O da takkesini başına takmış, koltuğa oturmuş, kollarını kaldırıp indirerek arkadaşları için beddua etmeye başlamış.
‘Evlerine ateşler düşsün… Oyuncakları kırılsın… Notları hep zayıf olsun… Ödevlerini kaybetsinler… Kızamık çıkarsınlar… Kabakulak olsunlar…’
Öğretmen durumu görünce müdahale etmiş.
‘Ne yapıyorsun Feto? Niye arkadaşlarına beddua ediyorsun?’
Feto cevap vermiş: ‘Beddua değil örtmenim, mülaane…’
FETO: İLERİDE KASET YAPMAYI DÜŞÜNÜYORUM
Feto kocaman harflerle duvara yazı yazıyor: ‘Ali Ayşeyi seviyo.’
Öğretmen kızıyor… ‘Niye yazdın Feto bunu?’
‘Örtmenim, ben kim kimi seviyor, kim kiminle ne yapıyor diye hep merak ediyor ve mutlaka öğreniyorum. Sonra da öğrendiklerimi herkesle paylaşıyorum.’
‘Niye?’
‘Bilgiyi paylaşmak gerekir demiştiniz bize. İleride kaset yapmayı da düşünüyorum.’
FETO’NUN GÖZYAŞLARI
Feto’nun iki gözü iki çeşme.
Öğretmen: ‘Feto niye ağlıyorsun?’
Feto’dan cevap yok.
Onun yerine Meto cevap verir: ‘Örtmenim, Feto hem bize yumruk atıyor, çelme takıyor, hem de kendi ağlıyor. Sınıfın en çok ağlayan çocuğu o.’
Öğretmen: ‘Oğlum niye dövdün arkadaşını?’
İKİYÜZLÜ FETO
Feto: ‘Benim ne şartlarda yaşadığımdan haberiniz var mı? Ben duvardaki pencere boşluğunda yatıyom biliyonuz mu?’

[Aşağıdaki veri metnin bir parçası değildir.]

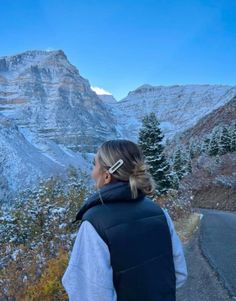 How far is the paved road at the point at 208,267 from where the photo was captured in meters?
6.20

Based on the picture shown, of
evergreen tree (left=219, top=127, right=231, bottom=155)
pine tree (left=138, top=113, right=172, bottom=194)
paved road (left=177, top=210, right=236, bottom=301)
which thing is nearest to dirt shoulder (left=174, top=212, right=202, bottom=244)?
paved road (left=177, top=210, right=236, bottom=301)

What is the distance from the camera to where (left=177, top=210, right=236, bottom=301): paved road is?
6.20 meters

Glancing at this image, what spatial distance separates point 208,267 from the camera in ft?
25.6

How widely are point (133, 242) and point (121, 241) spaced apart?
0.07m

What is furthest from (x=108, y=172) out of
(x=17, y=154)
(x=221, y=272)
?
(x=17, y=154)

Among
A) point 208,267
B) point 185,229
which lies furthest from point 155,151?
point 208,267

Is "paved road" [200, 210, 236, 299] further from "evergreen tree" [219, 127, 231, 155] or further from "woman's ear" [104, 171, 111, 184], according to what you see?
"evergreen tree" [219, 127, 231, 155]

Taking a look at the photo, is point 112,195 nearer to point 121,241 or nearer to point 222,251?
point 121,241

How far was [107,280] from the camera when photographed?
2.14m

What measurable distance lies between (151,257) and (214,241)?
928 centimetres

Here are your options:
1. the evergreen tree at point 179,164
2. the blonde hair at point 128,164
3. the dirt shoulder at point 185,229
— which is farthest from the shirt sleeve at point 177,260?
the evergreen tree at point 179,164

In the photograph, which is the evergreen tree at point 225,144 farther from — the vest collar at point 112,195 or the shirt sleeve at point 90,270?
the shirt sleeve at point 90,270

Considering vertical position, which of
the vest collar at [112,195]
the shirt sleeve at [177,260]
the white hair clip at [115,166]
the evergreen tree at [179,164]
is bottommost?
the evergreen tree at [179,164]

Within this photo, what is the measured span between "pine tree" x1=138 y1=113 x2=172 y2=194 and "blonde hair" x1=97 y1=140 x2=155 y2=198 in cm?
1825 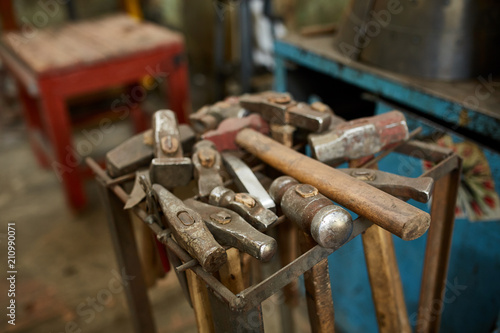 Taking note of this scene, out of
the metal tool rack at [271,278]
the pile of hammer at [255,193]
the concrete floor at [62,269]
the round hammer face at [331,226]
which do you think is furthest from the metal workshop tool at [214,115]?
the concrete floor at [62,269]

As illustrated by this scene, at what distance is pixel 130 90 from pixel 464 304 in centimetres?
252

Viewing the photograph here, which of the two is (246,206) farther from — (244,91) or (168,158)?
(244,91)

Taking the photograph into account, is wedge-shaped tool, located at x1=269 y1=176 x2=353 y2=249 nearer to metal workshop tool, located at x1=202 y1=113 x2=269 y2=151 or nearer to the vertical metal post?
metal workshop tool, located at x1=202 y1=113 x2=269 y2=151

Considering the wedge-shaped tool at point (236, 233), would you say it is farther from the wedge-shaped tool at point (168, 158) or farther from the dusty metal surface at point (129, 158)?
the dusty metal surface at point (129, 158)

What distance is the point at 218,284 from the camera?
0.74 metres

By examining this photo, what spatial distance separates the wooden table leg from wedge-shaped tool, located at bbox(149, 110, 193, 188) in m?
0.64

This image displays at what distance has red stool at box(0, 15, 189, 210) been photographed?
2277 millimetres

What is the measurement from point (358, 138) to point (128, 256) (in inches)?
27.0

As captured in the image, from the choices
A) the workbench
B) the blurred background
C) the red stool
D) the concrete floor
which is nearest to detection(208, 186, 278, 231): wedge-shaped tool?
the blurred background

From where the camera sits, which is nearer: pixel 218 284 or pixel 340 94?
pixel 218 284

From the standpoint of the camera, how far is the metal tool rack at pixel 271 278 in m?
0.73

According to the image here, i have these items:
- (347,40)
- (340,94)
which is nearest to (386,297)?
(347,40)

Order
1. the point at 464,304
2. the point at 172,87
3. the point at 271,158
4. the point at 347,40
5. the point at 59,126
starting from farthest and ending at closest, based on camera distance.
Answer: the point at 172,87
the point at 59,126
the point at 347,40
the point at 464,304
the point at 271,158

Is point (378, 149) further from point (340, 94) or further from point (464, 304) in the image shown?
point (340, 94) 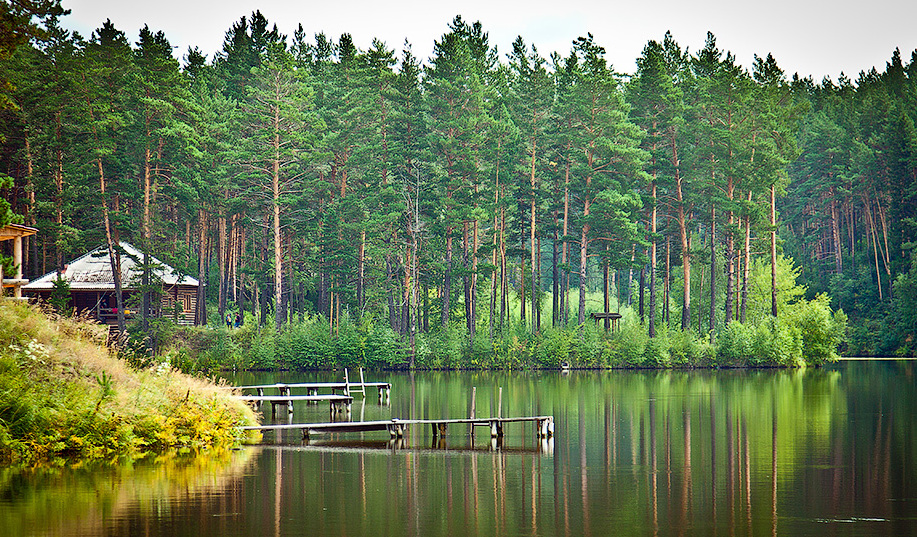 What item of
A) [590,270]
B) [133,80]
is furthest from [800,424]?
[590,270]

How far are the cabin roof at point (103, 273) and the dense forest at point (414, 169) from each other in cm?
111

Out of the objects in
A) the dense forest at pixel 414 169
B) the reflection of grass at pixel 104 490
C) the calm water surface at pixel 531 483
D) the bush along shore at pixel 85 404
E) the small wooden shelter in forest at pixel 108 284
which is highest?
the dense forest at pixel 414 169

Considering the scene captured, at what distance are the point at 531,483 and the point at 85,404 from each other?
991 centimetres

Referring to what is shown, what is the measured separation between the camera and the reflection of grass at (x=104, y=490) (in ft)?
50.4

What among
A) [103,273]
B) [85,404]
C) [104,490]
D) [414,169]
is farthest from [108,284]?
[104,490]

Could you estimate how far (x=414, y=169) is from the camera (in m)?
66.7

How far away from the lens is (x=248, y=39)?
258ft

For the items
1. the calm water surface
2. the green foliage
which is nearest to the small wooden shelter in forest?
the calm water surface

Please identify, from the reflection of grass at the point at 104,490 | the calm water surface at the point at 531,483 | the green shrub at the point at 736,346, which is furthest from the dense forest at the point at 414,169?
the reflection of grass at the point at 104,490

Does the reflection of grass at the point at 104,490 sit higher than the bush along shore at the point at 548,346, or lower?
lower

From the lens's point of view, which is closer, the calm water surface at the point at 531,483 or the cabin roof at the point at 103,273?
the calm water surface at the point at 531,483

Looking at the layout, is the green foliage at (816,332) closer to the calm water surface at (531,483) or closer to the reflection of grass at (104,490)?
the calm water surface at (531,483)

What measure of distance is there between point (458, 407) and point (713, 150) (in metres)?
36.6

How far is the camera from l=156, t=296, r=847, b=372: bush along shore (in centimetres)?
6216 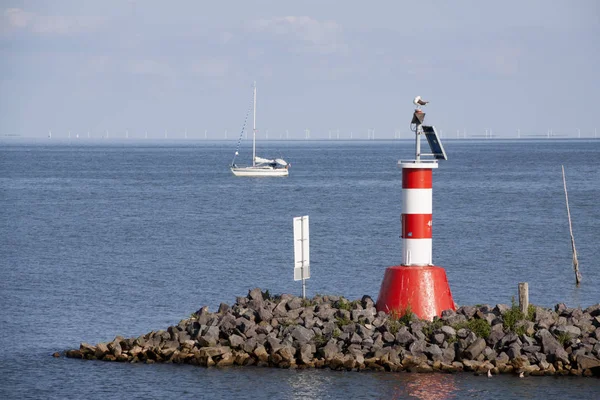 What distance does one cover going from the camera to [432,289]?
20.5m

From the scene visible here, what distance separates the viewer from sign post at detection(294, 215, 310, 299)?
2236cm

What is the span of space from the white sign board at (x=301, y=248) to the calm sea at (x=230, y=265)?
3332mm

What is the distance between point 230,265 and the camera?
36.6 m

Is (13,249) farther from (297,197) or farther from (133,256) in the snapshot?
(297,197)

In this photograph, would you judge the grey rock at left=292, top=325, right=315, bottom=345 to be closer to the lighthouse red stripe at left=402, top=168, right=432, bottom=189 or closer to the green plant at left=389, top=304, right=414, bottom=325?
the green plant at left=389, top=304, right=414, bottom=325

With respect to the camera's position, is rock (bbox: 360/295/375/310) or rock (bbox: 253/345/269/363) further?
rock (bbox: 360/295/375/310)

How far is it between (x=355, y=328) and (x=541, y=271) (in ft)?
54.3

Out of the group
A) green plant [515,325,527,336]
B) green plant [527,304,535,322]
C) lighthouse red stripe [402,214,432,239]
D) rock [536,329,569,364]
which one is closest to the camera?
rock [536,329,569,364]

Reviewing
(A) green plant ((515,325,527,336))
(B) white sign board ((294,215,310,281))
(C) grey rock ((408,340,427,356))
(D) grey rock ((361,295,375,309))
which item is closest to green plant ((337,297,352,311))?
(D) grey rock ((361,295,375,309))

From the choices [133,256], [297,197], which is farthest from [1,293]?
[297,197]

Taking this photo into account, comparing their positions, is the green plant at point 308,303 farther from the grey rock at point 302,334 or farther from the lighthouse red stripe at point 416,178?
the lighthouse red stripe at point 416,178

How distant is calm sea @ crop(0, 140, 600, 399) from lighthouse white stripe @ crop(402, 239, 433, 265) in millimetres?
2121

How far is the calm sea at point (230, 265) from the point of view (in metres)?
19.2

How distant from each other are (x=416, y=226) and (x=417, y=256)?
0.55 metres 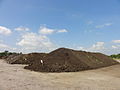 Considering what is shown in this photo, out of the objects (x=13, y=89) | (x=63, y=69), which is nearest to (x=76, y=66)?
(x=63, y=69)

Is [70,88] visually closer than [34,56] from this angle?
Yes

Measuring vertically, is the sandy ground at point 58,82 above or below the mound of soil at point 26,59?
below

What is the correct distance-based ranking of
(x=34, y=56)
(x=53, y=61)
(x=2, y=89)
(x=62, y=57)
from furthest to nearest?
(x=34, y=56)
(x=62, y=57)
(x=53, y=61)
(x=2, y=89)

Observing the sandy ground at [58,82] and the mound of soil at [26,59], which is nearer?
the sandy ground at [58,82]

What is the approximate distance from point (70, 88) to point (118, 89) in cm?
216

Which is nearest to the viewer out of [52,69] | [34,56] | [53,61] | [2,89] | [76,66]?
[2,89]

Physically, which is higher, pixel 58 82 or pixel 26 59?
pixel 26 59

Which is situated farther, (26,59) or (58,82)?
(26,59)

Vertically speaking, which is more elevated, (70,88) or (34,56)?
(34,56)

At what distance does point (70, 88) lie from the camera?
601 centimetres

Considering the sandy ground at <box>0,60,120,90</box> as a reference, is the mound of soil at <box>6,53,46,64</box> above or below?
above

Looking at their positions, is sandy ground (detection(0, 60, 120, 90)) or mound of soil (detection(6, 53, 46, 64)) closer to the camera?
sandy ground (detection(0, 60, 120, 90))

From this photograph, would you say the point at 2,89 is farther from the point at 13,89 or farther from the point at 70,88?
the point at 70,88

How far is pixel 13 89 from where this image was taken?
5.78m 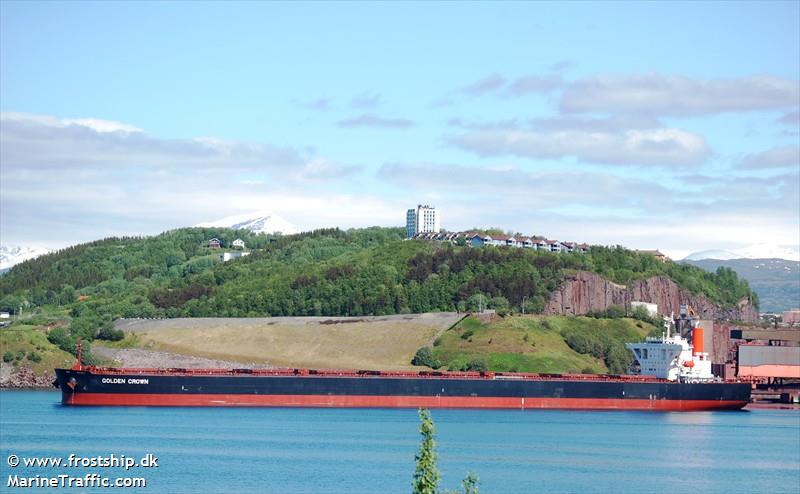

Küçük Feto, sınıf başkanına çok kızmış. O kadar kızmış ki onun için ağzına geleni söylemeye başlamış:
‘Firavun… Karun… Tımarhanelik deli… Nemrut… Mekkeli müşrik… Tetikçi… Yalancı… Küfürbaz… Müfteri…’
Tam o sırada öğretmen içeri girmiş.
‘Ne oluyor Feto?’
‘Yok bir şey örtmenim. Ben sınıfımızın başkanını çok severim. Asla kötülüğünü istemem. Onun ne kadar başarılı, ne kadar çalışkan, ne kadar iyi biri olduğunu anlatıyordum arkadaşlara.’